Dataset records: Begin
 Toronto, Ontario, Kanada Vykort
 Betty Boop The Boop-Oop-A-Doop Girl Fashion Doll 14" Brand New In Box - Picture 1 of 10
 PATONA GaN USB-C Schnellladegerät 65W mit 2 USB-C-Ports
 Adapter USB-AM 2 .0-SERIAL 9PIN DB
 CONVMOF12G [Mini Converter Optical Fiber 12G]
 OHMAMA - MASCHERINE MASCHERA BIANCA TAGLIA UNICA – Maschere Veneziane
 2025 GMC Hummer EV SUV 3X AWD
Dataset records: End
Dataset records: Begin
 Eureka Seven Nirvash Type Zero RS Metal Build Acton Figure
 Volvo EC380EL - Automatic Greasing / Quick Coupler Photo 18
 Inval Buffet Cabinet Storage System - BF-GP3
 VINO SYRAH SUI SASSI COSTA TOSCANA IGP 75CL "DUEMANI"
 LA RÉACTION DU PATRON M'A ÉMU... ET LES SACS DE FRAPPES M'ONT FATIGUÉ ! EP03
Dataset records: End
Dataset records: Begin
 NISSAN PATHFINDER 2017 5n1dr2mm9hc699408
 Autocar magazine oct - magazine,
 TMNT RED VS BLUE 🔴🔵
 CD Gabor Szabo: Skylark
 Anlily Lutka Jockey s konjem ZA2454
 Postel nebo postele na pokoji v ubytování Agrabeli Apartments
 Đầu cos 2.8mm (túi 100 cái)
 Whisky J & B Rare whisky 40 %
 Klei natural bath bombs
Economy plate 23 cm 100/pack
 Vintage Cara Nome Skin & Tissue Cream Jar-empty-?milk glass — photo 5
Dataset records: End
In the data above, start at the line that has "Volvo EC380EL - Automatic", stop after the line that has "LA RÉACTION DU", and print every line in between exactly as it stands.

 Volvo EC380EL - Automatic Greasing / Quick Coupler Photo 18
 Inval Buffet Cabinet Storage System - BF-GP3
 VINO SYRAH SUI SASSI COSTA TOSCANA IGP 75CL "DUEMANI"
 LA RÉACTION DU PATRON M'A ÉMU... ET LES SACS DE FRAPPES M'ONT FATIGUÉ ! EP03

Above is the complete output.